━━━ The data

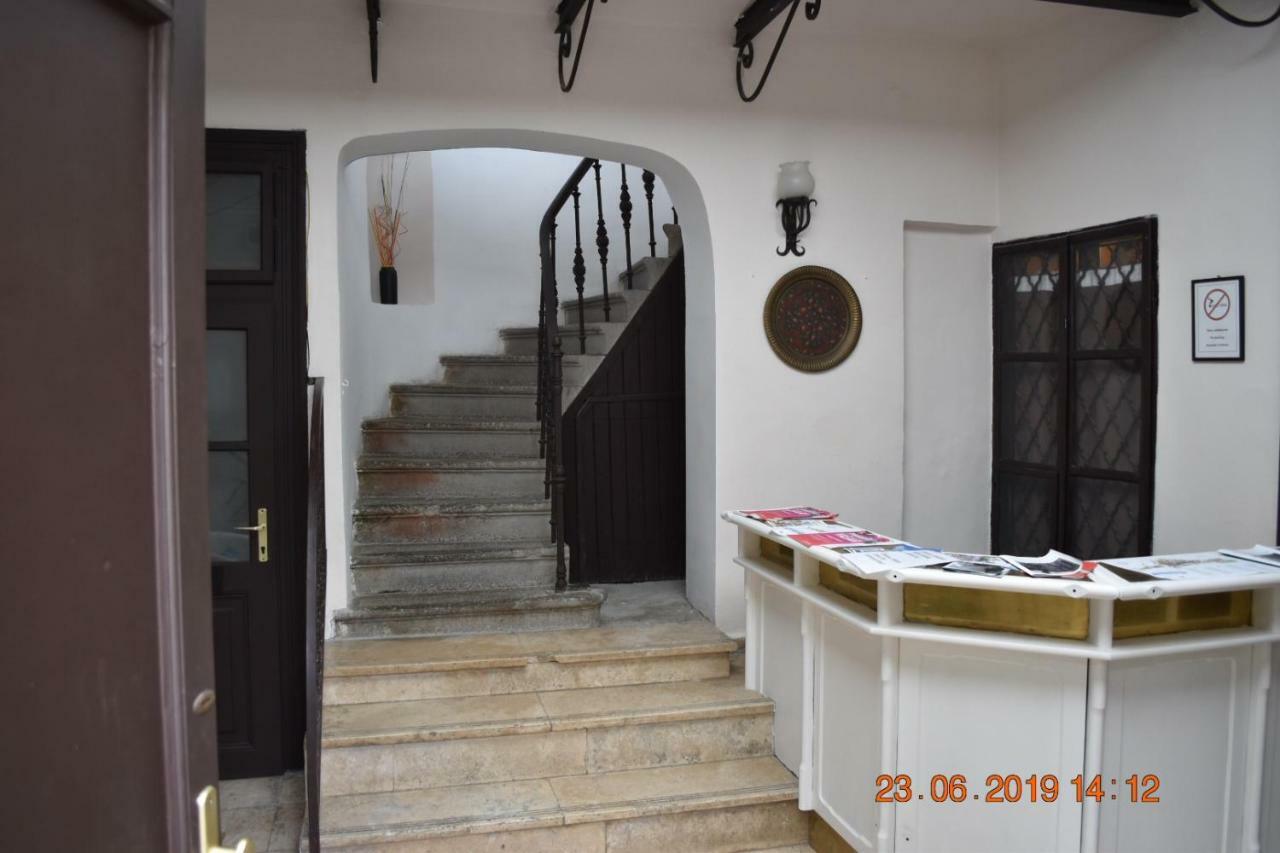 Foter Apartmanhaz เซนเทนแดร ภายนอก รูปภาพ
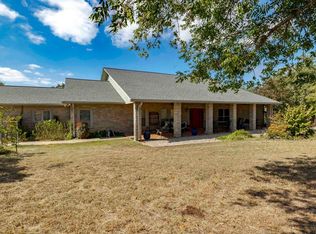 283 W Lacey Oak Pkwy, Kerrville, TX 78028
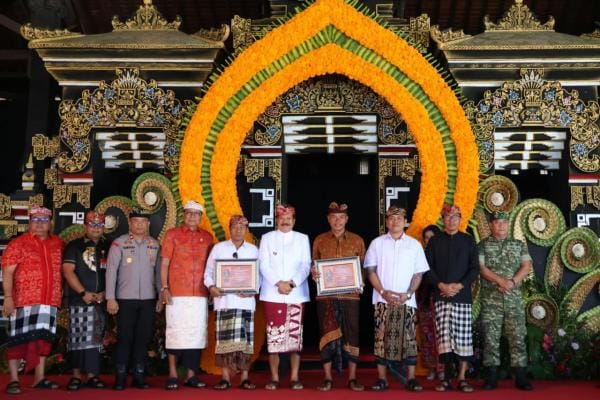 Wabup I Made Dirga menutup Tanah Lot Art and Food Festival VII tahun 2026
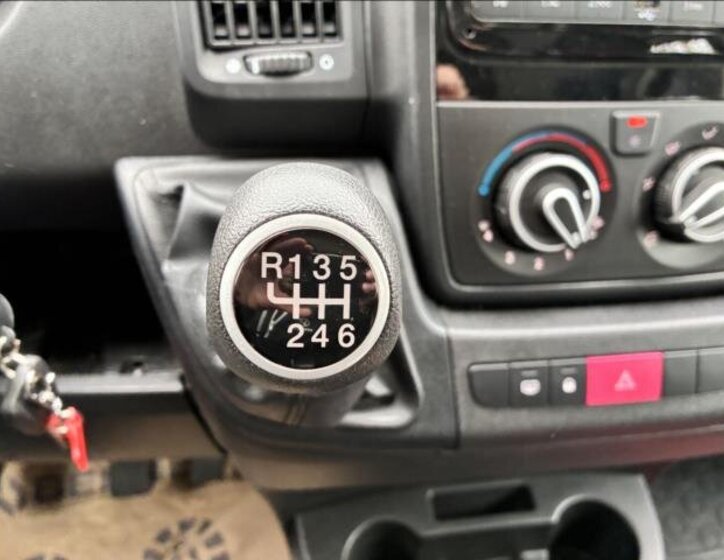 Opel Movano Skříň 2,2 l 103 kw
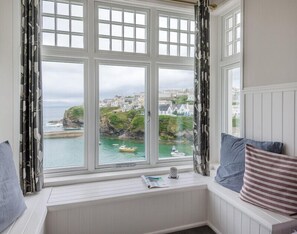 Interior - Folly 2 (Port Isaac)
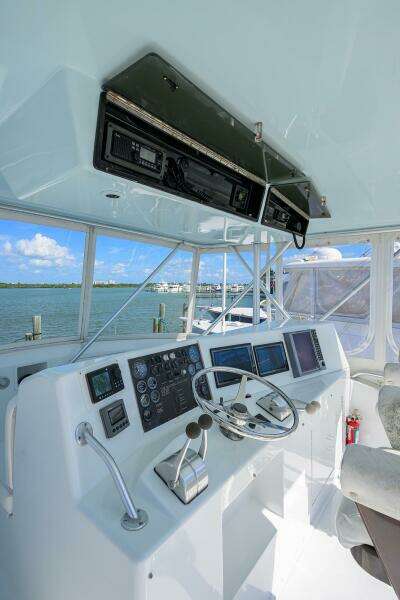 Post 50 SEANYLE - Flybridge- Helm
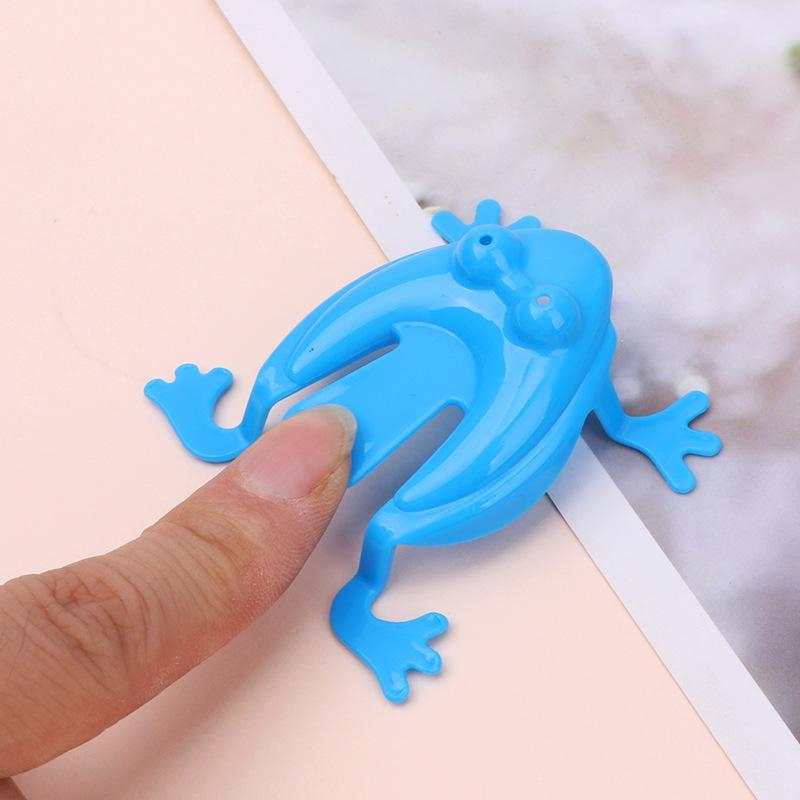 Plastic Jumping Frog - Classic Nostalgic Educational Toy for Children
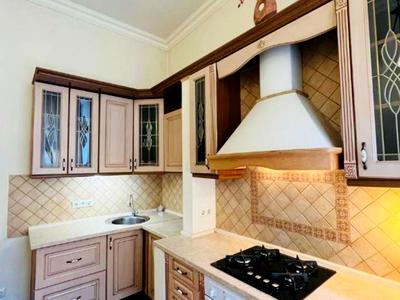 квартира за адресою Богдана Хмельницького вул., 10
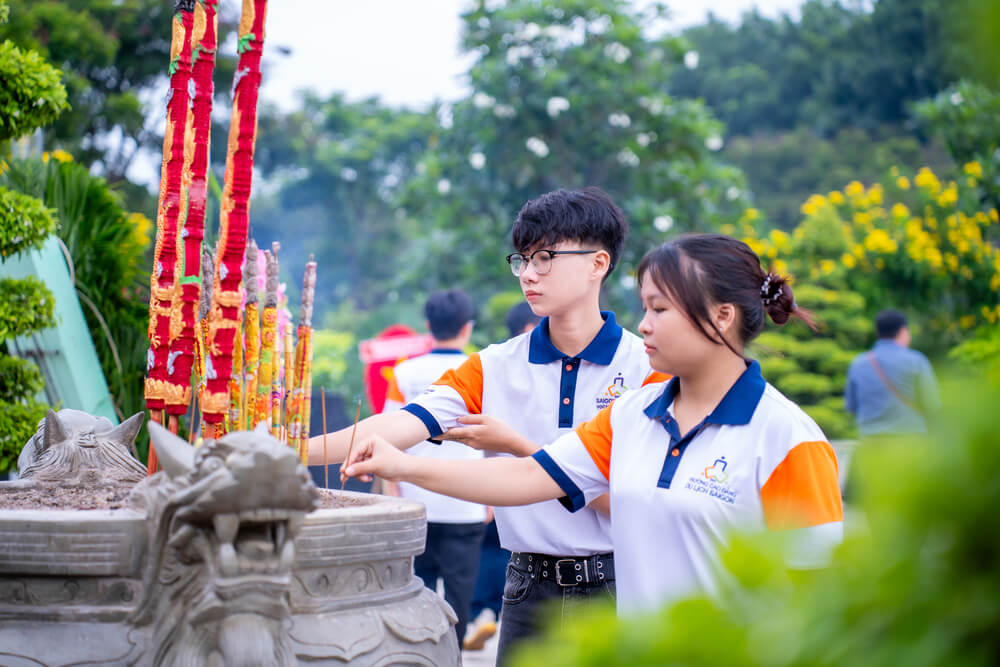 Sinh viên thắp nhang tại Nghĩa trang Liệt sĩ Thành phố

━━━━━━

= Task brief =
Reproduce precisely the lines of the entries above, from the one containing "283 W Lacey Oak Pkwy, Kerrville, TX 78028" through the final one, both ends included, and omit the pictures.

= Solution for this problem =
 283 W Lacey Oak Pkwy, Kerrville, TX 78028
 Wabup I Made Dirga menutup Tanah Lot Art and Food Festival VII tahun 2026
 Opel Movano Skříň 2,2 l 103 kw
 Interior - Folly 2 (Port Isaac)
 Post 50 SEANYLE - Flybridge- Helm
 Plastic Jumping Frog - Classic Nostalgic Educational Toy for Children
 квартира за адресою Богдана Хмельницького вул., 10
 Sinh viên thắp nhang tại Nghĩa trang Liệt sĩ Thành phố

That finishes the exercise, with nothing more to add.